Australia and the Netherlands share the second slot with seven cup wins each. A force to reckon with since the 1970s, the Aussies hit a purple patch when superbly endowed stars like Ric Charlesworth, Terry Walsh, Colin Batch, David Bell, and Trevor King led them to a hat-trick of triumphs from 1983-85. And what more, they crowned themselves as the World Champions in 1986 at Willesden. The supremacy prolonged under the strength of players like Warren Birmingham, the indefatigable mid-fielder, and Mark Hager, a wonderful striker.

The Aussies were also served in an exemplary manner by dynamic coaches Richard Aggis, Frank Murray, Terry Walsh, and now Barry Dancer, who steered the team to the first ever Olympic gold. The combination today with players like Brent Livermore, Mike McCann, Grant Schubert and Craig Victory maintains that Aussie flavour and tradition.

The Dutch saga was triggered by the outstanding duo, Paul Litjens and Thies Kruize, who transformed the conversion of penalty corners into a connoisseur's delight. The first Dutch triumph came in 1981 in Karachi, prompting the KNHB to host the event at Amstelveen in 1982. Although the Dutch won the World Cup in 1990, thanks to the marvellous hitter, Floris Bovelander, it took another six years before the team could lay its hands on the Champions Trophy. Interestingly, it came in 1996 in Chennai, where coach Roelant Oltmans touched a new high, taking the team also to the top of the podium at the Olympics (1996) and the World Cup (1998).

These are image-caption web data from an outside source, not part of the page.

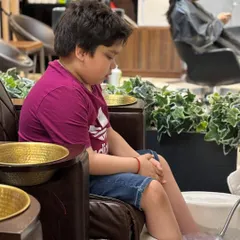 A young client patiently enjoying a foot soak. I ensure the experience is comfortable and fun for kids, making it a positive salon visit for the whole family.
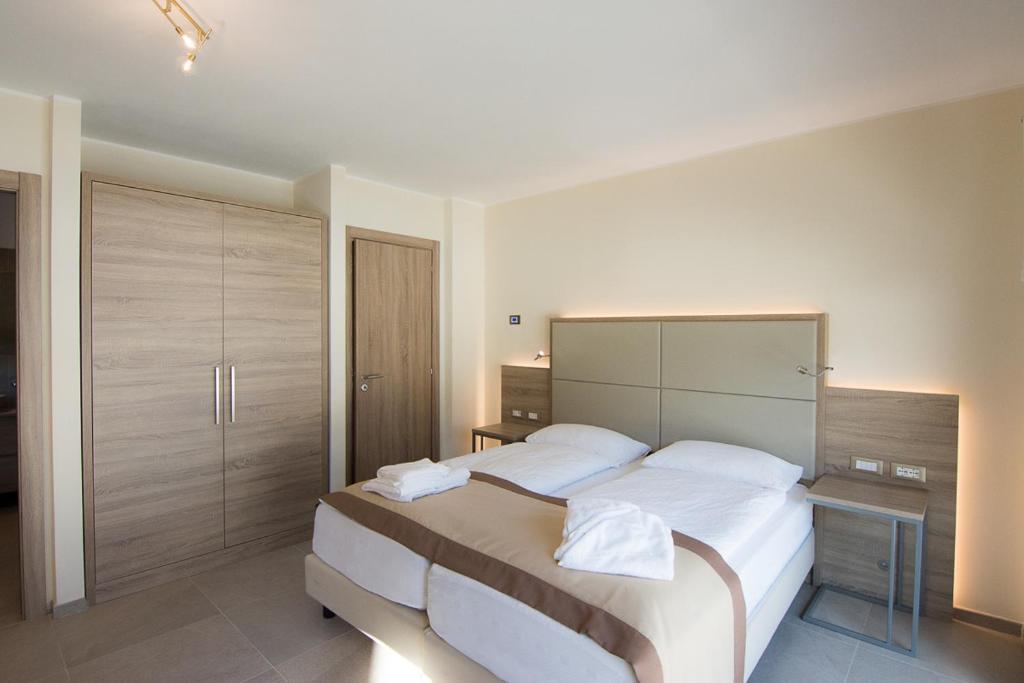 Voodi või voodid majutusasutuse Comelico Chalet toas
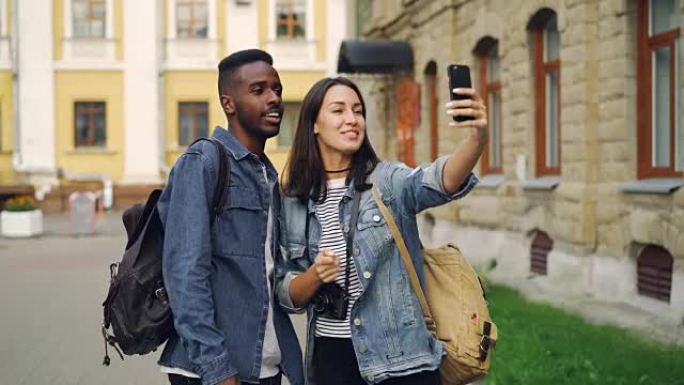 美丽的多种族夫妇正在与朋友在线聊天，使用智能手机站在街上背着背包进行视频通话。旅行和技术概念。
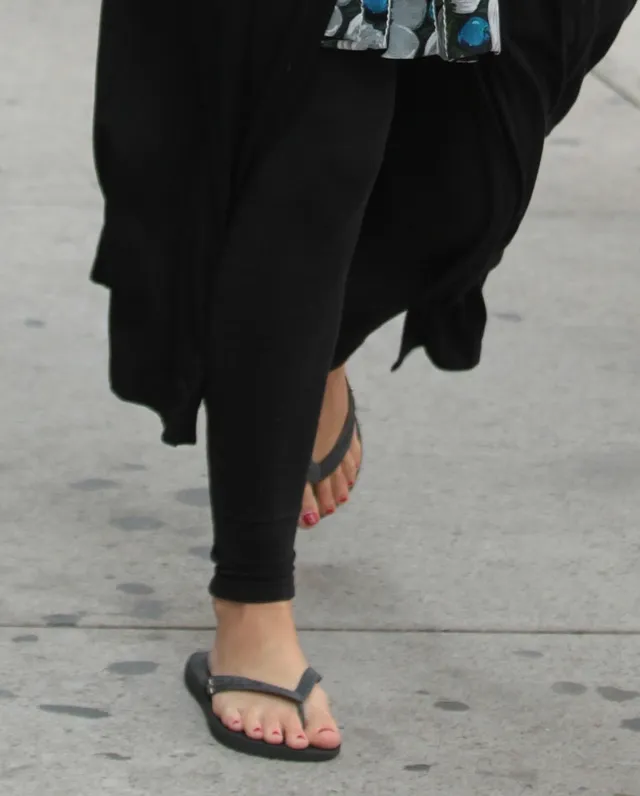 Leighton Meester walking on a pavement in dark trousers and flip-flops.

No combination had emerged as powerful as the Dutch in the last decade, picking the trophy thrice since the turn of this century. The exit of Bovelander paved the way for hitters like Bram Lomans, finishers like Stephen Veen, and immaculate mid-fielders like Jerome Delmee. The best of them all is Teun de Nooijer, acknowledged as the best forward in contemporary hockey.

For all the talent and support secured, Pakistan's record, quite surprisingly, is poor with just three victories, the last coming in 1994, all on home soil. But stalwarts like Shahbaz Ahmed have always kept the interest alive. The team had been on the podium 15 times.

The emerging force is Spain, whose ascendancy is refreshingly striking for the last three years. The Dutch coach, Maurits Hendriks, has shaped an extremely efficient squad, whose capacity for improvisation has to be seen to be believed. Eduard Tabau and Pol Amat constitute the strike elements in the frontline, while Shanti Freixa's penalty corners can stun any goalkeeper. The exemplary control of the mid-field by Juan Escarre is another important factor.

Rehan Butt... India's nemesis.-VINO JOHN

That India has not gone beyond the bronze it secured in 1982 confirms a pathetic fact. The team missed a podium finish twice in recent times after a spectacular display against Pakistan in Cologne and Amstelveen. But that is no consolation to the thousands of followers at home and abroad. Even when the event was held here in 1996, India managed only a fourth place.

Beyond continental events, India has achieved nothing significant since 1980. A breakthrough is long overdue. Will the second edition in Chennai provide this, at least giving the team a bronze, that many reckon is not beyond the ken of a combination that boasts players in the calibre of Dilip Tirkey, Viren Resquinha and Gagan Ajit Singh.

From Lahore in 1978 to Chennai in 2005, the Champions Trophy has traversed an eventful course, embellishing the competitive fervour across the globe.